Despite the government’s Rs 2.11-lakh crore recapitalization package for public sector banks (PSBs), Christopher Wood, managing director and equity strategist at CLSA chose not to add these stocks to his portfolio citing the runaway rally in these stocks. He, however, says that the step is in the right direction and will go a long way in meeting the capital requirement of these cash-starved PSBs.
“What GREED & fear has long been waiting for has finally happened in India. That is the announcement by India’s Ministry of Finance on Tuesday of a proposed recapitalisation of the banking system over the next two years. The sum allocated is sufficient to meet the public sector banks’ recapitalisation requirements,” Wood wrote in his weekly note to investors.
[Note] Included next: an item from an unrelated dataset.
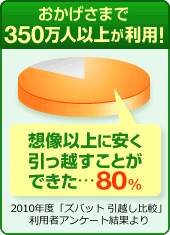 おかげさまで250万人以上が利用!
Adding: “Unsurprisingly, the share prices of the public sector banks have soared on the news as relative-return fund managers have sought to protect themselves against the trade out of ‘growth’ to ‘value’. Still GREED & fear is not going to add public sector banks to the Asia ex-Japan long-only portfolio today, since a lot has already been discounted given such violent share price moves.”
Since the announcement on October 24, the Nifty PSU Bank index has rallied nearly 29%, as compared to 1.3% rise in the benchmark Nifty50 index, ACE Equity data show. The rally in individual stocks has been sharper with Punjab National Bank (up 54%), Union Bank of India (42%), Bank of India (37%), Canara Bank (33%), Bank of Baroda (30%) and State Bank of India (26%) topping the charts during this period, ACE Equity data show.
The failure to address the banking sector issue more proactively has been the one major piece of unfinished business in the Modi administration, Wood says. The vacuum should now be filled, which means it is now realistic to look forward to a new credit and investment cycle, he believes.